=== Section Start ===
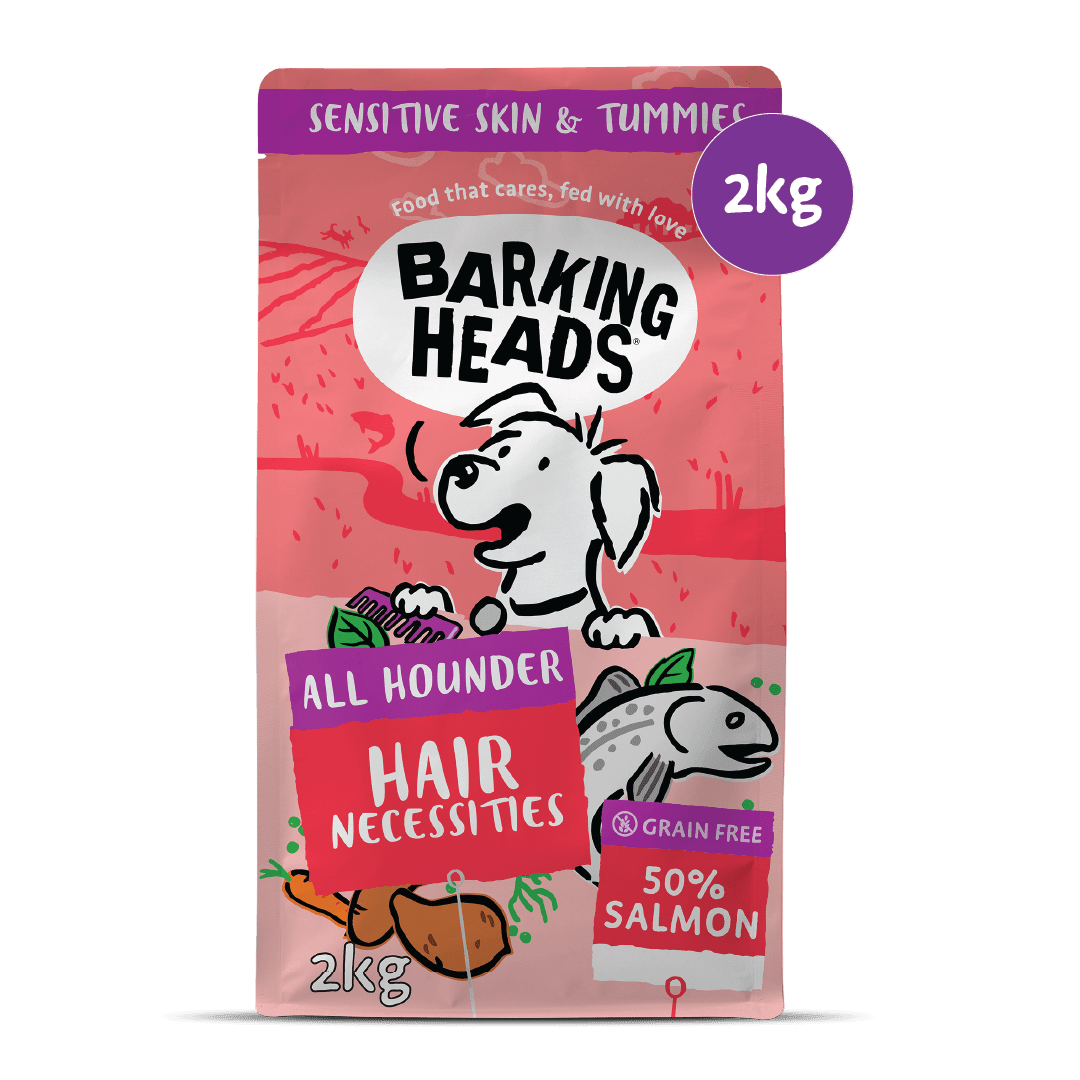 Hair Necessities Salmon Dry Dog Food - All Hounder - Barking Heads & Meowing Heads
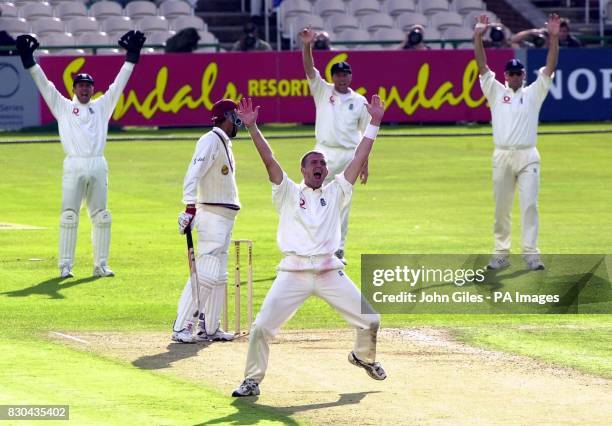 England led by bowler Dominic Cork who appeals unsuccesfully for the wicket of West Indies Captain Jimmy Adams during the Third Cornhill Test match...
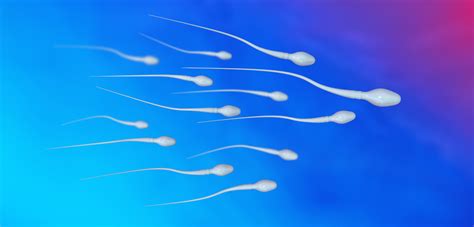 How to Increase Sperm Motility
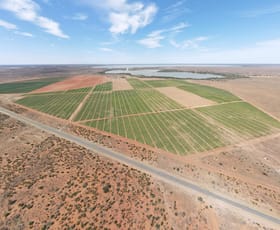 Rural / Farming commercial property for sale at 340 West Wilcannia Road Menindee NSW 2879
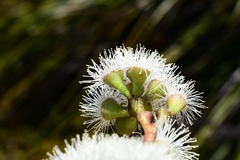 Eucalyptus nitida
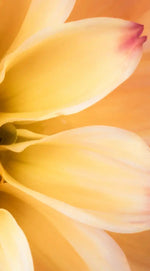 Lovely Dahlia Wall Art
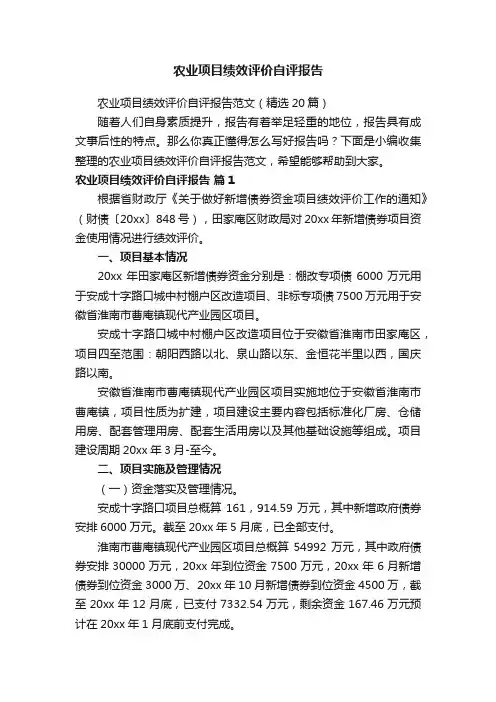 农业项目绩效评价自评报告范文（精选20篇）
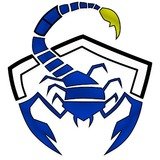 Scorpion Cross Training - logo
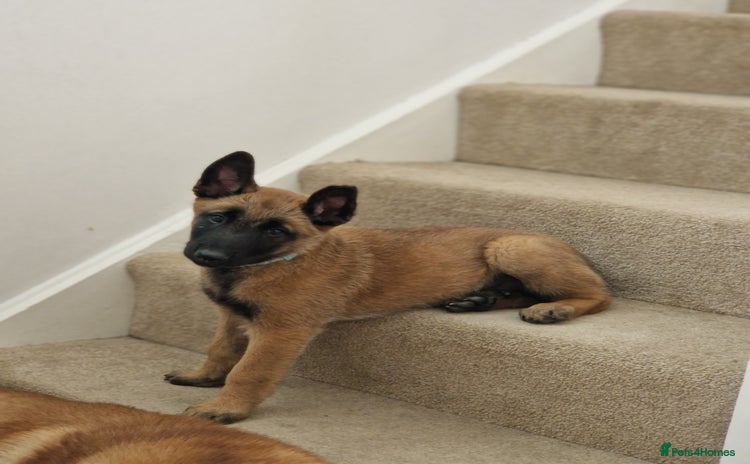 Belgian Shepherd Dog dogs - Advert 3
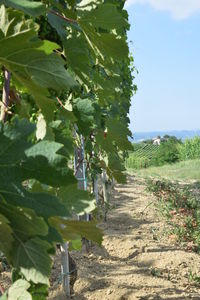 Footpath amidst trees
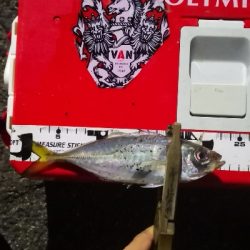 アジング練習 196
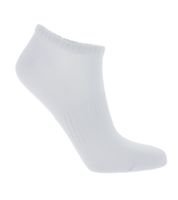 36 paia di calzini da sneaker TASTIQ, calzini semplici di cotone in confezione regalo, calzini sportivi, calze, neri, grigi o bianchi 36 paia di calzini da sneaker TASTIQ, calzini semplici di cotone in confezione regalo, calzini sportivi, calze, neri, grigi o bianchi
=== Section End ===
» Directions for this task
Once you find the line that contains "农业项目绩效评价自评报告范文（精选20篇）", reproduce it and every line after it through the end of the entries above, exactly as written, with no pictures.

» Completed task
 农业项目绩效评价自评报告范文（精选20篇）
 Scorpion Cross Training - logo
 Belgian Shepherd Dog dogs - Advert 3
 Footpath amidst trees
 アジング練習 196
 36 paia di calzini da sneaker TASTIQ, calzini semplici di cotone in confezione regalo, calzini sportivi, calze, neri, grigi o bianchi 36 paia di calzini da sneaker TASTIQ, calzini semplici di cotone in confezione regalo, calzini sportivi, calze, neri, grigi o bianchi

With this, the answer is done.